> [Prompt] Every line from the one containing "NEIGHBORHOOD Cotton Pullover" through the end of the listing below goes in the output, exactly and without pictures.

> [Supplied data]
-=-=-

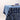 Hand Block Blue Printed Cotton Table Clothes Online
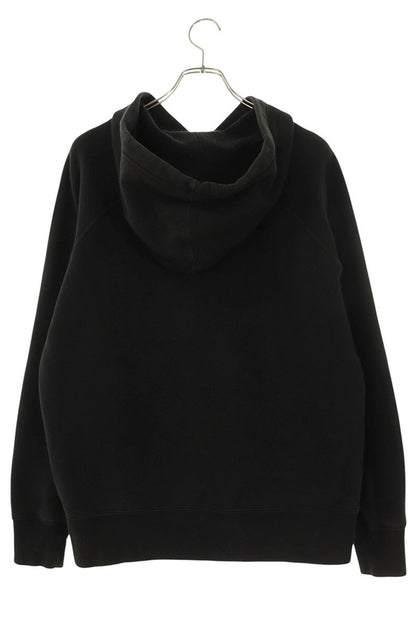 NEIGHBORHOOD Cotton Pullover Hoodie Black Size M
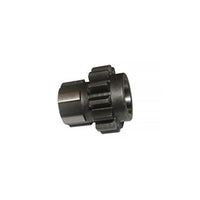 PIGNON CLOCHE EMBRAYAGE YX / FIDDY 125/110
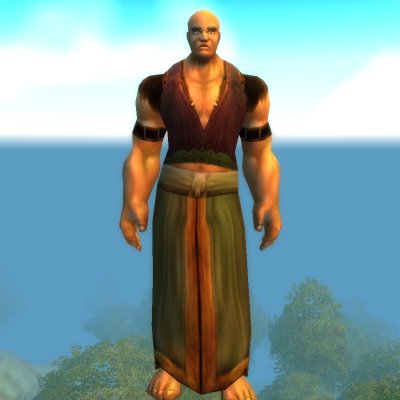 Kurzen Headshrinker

-=-=-

> [Response]
 NEIGHBORHOOD Cotton Pullover Hoodie Black Size M
 PIGNON CLOCHE EMBRAYAGE YX / FIDDY 125/110
 Kurzen Headshrinker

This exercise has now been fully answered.